It’s already fair to say that since their formation in 1970’s, over the past 30 odd years that The Adicts have reached a legendary, cult punk status in their career. Still going strong on their 9th album and celebrating their 35th anniversary, the band show no sign of stopping just yet. Titled All The Young Droogs (making reference to the infamous gang in A Clockwork Orange for which The Adicts also use as their image) is a lesson in how to perform proper, old school punk rock.
Battefield W1 is like a time machine back into the 70s and early 80s during punk’s prime – The Adicts don’t sound like they’ve aged or changed one single bit, their songs still as fresh and promising 30 years on. Of course any self respecting punk rock act would never leave an able that rebels against something off their album; parents, government or society, you can never really go wrong. So come on down, Stomper. A song that proclaims “I won’t grow up and you can’t make me” and if not growing up is what’s helping The Adicts still make fantastic music like this, it’s a sure fire fact that nobody will want them to grow up anytime soon. My Old Friend is an absolutely blinder of a track; a catchy, non stop singalong, punk anthem. They might not have reached the same heights as bands like The Sex Pistols or The Clash, but they’ve it’s still admirable that they’ve made it through the rise and fall of punk and are still standing strong.

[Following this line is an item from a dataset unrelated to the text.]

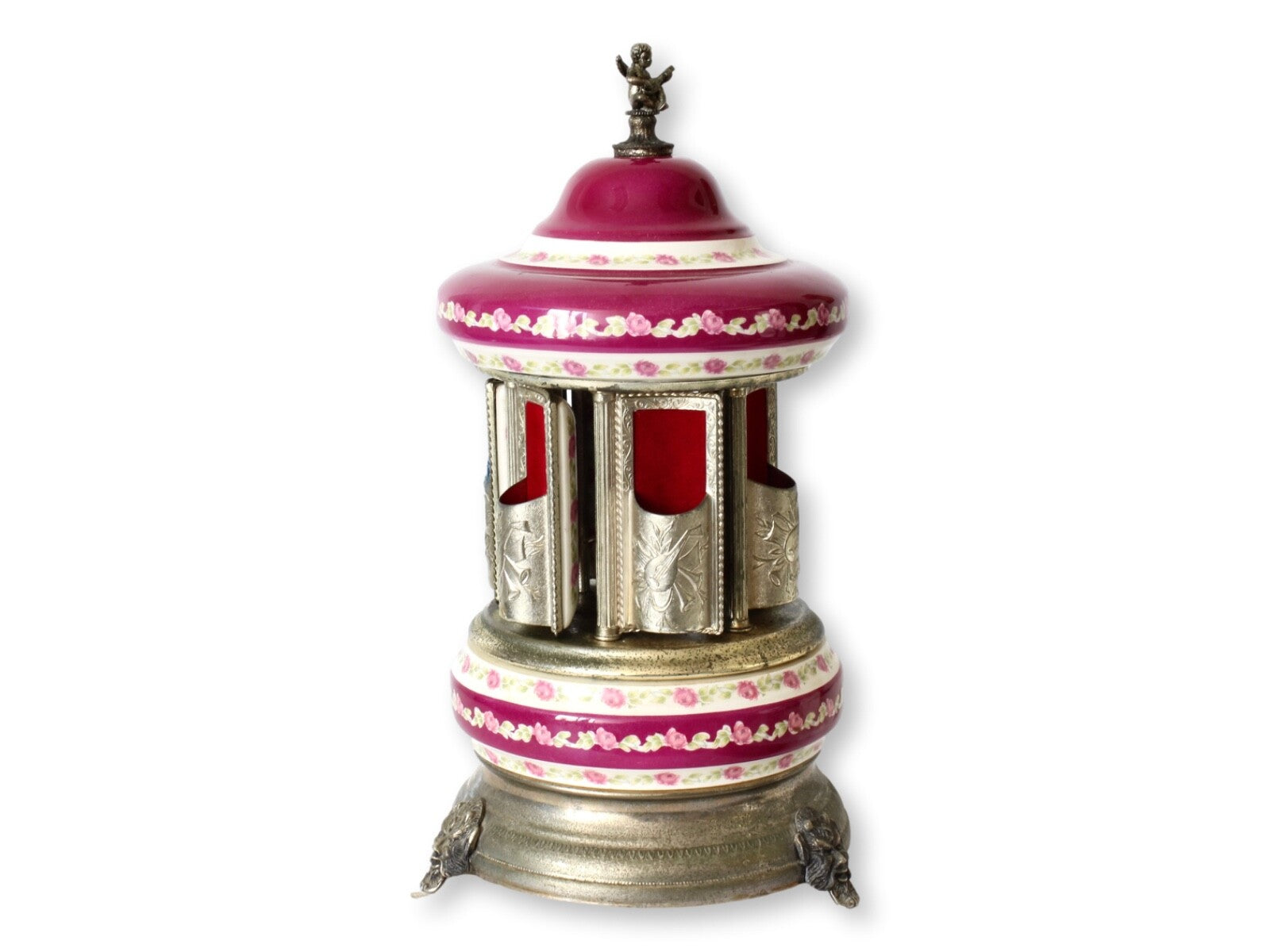 Rare Reuge Porcelain Musical Carousel Cigarette Dispenser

Rage Is The Rage bleeds British spirit from the band; catchy, upbeat and with their thick, British accents in full swing it begins to become apparent that The Adicts may be more important to punk than ever before. With the music scene as diverse as it is, punk isn’t at the forefront anymore but that doesn’t make it any less important – usually most punk bands from the 70s or 80s have gone through hundreds of line up changes but with a practically original line up to their name The Adicts prove that the original is always the best. It’s not like The Sex Pistols, The Clash or The Ramones are going to be on stage anytime soon so it’s best to get behind this bunch of droogs like there’s no tomorrow. As the epic Horrorshow begins to close proceedings on the record, it’s the closing track that takes some more limelight. Love Lies Bleeding is a more melodic side to the punks – it’s slower, deeper and feels a bit like an 80s ballad as opposed to a classic punk tune but that doesn’t make it any less amazing.
But it’s not just the last song that sounds amazing, it’s every song. There’s not one bad track and if punk has been missing anything, it’s a bunch of middle aged blokes dressed up like a gang of youths from Anthony Burgess novel. This is punk rock at it’s very finest and we should all take a step back and appreciate it.